Given that the mean rate of lost time accidents is 0.8 per day, the rate parameter, \lambda , for a Poisson distribution is also 0.8.
Let X be the random variable representing the number of lost time accidents occurring in 9 days.
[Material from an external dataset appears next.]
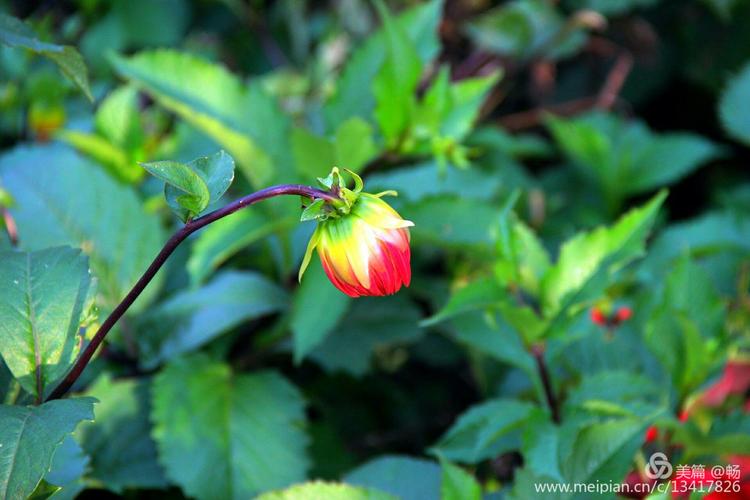 芳华——如水女人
Therefore, X follows a Poisson distribution with a mean rate of \lambda = 0.8 \times 9 = 7.2 over 9 days.
The probability that the number of accidents will be no more than 5 is given by:
P(X \leq 5) = \sum_{x=0}^{5} \frac{e^{-\lambda} \lambda^x}{x!}
Calculating the probability:
P(X \leq 5) = \sum_{x=0}^{5} \frac{e^{-7.2} \times 7.2^x}{x!}
Calculating each term:
P(X \leq 5) = \frac{e^{-7.2} \times 7.2^0}{0!} + \frac{e^{-7.2} \times 7.2^1}{1!} + \frac{e^{-7.2} \times 7.2^2}{2!} + \frac{e^{-7.2} \times 7.2^3}{3!} + \frac{e^{-7.2} \times 7.2^4}{4!} + \frac{e^{-7.2} \times 7.2^5}{5!}
Calculating each term individually, we get:
P(X\leq5)=0.000747+0.005375+0.019352+0.046444+0.083598+0.120382
Adding all probabilities:
P(X\leq5)\approx0.2759
Therefore, the probability that the number of lost time accidents occurring over a period of 9 days will be no more than 5 is approximately 0.2759.
Answer: The probability is approximately 0.2759.